Ciągła niepewność dotycząca ograniczeń w podróżowaniu, które wprowadza brytyjski rząd, sprawia, że wielu turystów rezygnuje z przyjazdu do Wielkiej Brytanii. W rezultacie w tym roku liczba gości zagranicznych może spaść o 78 procent rok do roku – ostrzega Światowa Rada Podróży i Turystyki (WTTC – World Travel & Tourism Council).
To spowoduje straty w wysokości 22 miliardów funtów w ciągu roku, czyli 60 milionów dziennie i 420 milionów tygodniowo. Trudna sytuacja branży turystycznej oznacza też, że zagrożone są miejsca pracy – w Wielkiej Brytanii w sektorze pracują prawie 3 miliony osób.

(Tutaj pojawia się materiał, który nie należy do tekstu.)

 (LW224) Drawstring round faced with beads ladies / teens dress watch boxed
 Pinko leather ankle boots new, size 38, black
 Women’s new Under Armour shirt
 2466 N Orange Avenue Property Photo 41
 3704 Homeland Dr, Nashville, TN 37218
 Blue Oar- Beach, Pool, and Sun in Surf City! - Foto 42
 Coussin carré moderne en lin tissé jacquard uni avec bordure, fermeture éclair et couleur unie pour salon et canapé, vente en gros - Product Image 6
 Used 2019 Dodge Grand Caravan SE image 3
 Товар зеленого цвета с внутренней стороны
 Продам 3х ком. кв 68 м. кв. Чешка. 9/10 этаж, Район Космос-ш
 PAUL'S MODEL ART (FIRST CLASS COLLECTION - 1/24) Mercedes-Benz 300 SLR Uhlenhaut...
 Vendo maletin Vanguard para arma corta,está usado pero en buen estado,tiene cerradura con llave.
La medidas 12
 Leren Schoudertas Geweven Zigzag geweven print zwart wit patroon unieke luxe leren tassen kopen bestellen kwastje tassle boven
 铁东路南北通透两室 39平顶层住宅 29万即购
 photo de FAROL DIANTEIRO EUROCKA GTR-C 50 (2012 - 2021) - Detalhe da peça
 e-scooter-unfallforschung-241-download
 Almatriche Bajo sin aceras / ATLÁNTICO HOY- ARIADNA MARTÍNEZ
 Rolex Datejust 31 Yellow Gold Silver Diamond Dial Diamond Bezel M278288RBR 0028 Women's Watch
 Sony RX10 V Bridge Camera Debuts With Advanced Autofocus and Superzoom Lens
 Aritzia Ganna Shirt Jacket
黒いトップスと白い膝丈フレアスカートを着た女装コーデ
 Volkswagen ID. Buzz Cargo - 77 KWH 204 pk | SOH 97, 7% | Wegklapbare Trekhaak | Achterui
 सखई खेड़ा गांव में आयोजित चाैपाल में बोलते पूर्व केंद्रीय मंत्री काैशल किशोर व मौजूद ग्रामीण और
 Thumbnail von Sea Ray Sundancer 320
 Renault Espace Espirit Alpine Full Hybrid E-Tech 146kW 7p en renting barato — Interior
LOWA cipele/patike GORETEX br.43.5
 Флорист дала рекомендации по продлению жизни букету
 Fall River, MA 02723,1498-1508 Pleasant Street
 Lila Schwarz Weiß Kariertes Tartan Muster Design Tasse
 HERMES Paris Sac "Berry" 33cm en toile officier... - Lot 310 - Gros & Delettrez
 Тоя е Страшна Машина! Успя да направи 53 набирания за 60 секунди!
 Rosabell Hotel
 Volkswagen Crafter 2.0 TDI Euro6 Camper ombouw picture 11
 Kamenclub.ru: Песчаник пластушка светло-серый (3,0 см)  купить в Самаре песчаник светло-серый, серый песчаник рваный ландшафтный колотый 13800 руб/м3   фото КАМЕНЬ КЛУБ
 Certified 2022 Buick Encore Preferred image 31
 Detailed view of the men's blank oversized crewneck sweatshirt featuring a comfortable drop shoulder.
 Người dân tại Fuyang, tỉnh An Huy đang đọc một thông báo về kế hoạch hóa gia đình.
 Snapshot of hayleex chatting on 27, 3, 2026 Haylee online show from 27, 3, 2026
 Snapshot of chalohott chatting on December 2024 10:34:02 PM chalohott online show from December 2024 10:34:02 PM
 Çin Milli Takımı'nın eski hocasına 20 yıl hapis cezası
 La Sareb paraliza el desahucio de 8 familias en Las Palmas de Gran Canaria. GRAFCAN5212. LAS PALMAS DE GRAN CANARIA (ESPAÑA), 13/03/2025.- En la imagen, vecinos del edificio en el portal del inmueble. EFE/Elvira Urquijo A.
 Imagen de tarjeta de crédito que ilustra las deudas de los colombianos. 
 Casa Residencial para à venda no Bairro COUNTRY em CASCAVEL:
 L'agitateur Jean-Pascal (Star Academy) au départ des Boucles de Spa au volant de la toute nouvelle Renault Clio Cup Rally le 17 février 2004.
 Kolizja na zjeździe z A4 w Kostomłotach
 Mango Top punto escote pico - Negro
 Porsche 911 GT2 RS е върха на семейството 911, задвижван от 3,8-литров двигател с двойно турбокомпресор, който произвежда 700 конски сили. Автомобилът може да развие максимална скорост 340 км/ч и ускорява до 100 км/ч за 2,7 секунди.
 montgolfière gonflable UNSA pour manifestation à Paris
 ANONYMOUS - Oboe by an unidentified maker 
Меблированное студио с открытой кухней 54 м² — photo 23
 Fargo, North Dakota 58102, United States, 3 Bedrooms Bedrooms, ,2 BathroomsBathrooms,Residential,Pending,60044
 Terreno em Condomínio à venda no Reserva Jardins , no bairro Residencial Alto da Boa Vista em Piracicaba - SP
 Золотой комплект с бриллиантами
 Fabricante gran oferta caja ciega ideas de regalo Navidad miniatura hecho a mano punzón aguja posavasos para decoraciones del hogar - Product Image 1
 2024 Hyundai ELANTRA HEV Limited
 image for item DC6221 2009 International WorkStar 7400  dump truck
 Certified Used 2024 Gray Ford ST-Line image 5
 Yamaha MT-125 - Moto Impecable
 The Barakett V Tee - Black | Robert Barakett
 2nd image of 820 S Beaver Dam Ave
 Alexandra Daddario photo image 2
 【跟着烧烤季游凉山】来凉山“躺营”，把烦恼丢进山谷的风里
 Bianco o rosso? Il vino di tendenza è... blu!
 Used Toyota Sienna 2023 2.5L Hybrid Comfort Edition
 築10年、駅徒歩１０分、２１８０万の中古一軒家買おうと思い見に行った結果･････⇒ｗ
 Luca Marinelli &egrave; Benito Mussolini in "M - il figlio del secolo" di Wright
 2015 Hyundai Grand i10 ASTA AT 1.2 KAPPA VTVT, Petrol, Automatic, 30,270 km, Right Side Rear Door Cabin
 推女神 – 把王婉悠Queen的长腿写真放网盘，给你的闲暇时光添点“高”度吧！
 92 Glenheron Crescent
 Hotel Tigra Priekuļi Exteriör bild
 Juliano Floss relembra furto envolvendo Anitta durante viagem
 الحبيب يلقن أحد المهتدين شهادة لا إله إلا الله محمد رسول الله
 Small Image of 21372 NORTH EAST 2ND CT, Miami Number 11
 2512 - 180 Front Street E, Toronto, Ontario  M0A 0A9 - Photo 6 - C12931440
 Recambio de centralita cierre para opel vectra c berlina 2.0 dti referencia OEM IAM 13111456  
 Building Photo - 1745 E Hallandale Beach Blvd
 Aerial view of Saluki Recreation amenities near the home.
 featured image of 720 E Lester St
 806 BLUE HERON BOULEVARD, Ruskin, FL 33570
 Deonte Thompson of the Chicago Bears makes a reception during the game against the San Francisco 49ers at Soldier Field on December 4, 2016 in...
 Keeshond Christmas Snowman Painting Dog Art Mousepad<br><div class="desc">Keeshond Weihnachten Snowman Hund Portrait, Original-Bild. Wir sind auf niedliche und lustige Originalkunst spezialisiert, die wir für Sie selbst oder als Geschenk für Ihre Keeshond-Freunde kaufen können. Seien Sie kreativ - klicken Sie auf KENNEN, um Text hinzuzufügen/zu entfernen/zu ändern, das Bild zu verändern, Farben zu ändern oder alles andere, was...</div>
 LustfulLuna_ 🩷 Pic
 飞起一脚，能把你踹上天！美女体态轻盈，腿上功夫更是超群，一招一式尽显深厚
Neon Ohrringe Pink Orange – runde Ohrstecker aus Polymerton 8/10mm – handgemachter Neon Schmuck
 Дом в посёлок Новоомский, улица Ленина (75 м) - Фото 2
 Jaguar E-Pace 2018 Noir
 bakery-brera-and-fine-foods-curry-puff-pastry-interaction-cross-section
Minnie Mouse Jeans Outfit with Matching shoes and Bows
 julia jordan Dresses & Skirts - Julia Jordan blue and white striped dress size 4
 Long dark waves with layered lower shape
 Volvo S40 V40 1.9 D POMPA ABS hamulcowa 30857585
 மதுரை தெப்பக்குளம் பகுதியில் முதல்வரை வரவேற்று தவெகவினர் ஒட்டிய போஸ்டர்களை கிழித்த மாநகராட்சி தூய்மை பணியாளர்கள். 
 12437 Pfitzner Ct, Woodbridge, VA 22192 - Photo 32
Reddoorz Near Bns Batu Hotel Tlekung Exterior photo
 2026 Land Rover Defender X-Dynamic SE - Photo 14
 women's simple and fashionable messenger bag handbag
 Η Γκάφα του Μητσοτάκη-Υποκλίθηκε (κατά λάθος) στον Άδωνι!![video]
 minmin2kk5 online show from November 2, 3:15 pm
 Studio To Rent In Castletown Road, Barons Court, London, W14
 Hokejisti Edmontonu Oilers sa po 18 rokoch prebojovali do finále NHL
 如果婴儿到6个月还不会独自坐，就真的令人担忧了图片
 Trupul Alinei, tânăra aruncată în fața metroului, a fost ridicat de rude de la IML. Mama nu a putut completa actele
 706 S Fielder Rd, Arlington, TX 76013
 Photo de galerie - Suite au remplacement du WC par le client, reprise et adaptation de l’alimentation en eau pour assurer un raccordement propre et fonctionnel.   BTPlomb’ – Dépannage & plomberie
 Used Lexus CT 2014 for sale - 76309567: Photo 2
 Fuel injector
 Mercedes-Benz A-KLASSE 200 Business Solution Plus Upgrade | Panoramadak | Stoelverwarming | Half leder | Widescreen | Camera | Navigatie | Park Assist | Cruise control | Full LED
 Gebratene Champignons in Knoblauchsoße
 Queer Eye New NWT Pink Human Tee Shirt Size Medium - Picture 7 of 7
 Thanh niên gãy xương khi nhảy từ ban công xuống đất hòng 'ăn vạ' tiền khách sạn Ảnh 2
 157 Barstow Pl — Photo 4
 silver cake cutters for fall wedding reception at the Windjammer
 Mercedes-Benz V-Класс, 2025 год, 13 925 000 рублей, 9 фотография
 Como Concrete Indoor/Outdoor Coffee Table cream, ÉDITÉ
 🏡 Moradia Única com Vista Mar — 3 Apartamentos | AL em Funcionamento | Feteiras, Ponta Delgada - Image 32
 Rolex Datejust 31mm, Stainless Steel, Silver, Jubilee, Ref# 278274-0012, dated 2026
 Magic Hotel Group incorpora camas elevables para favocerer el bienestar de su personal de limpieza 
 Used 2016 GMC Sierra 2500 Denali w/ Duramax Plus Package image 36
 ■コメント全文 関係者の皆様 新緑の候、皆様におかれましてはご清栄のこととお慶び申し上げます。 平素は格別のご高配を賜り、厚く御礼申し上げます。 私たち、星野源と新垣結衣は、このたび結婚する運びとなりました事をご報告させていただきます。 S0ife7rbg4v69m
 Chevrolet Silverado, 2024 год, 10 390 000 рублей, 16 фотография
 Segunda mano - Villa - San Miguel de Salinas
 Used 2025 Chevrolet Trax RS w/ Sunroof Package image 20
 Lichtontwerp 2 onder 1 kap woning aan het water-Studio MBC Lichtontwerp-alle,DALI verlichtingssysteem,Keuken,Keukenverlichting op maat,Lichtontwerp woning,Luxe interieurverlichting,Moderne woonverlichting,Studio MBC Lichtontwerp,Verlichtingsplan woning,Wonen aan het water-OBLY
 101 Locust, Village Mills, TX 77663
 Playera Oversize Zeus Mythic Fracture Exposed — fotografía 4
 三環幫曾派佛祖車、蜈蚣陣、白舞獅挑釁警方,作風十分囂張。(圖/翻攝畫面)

CZYTAJ TEŻ: Wielka Brytania tnie VAT, żeby pomóc turystyce
Z raportu za zeszły rok, w którym WTTC analizuje znaczenie branży dla gospodarek państw wynika, że w 2019 roku w Wielkiej Brytanii dzięki turystyce pracę miały prawie 4 miliony osób, czyli 11 procent wszystkich zatrudnionych. Wpływy do PKB wyniosły 200 miliardów funtów, czyli 9 procent.
Prezes WTTC Gloria Guevara tłumaczy, że bieżąca sytuacja może też zagrozić Londynowi jako jednemu z najważniejszych centrów biznesowych i rozrywkowych na świecie. Pozycję tę mogą przejąć inne kierunki.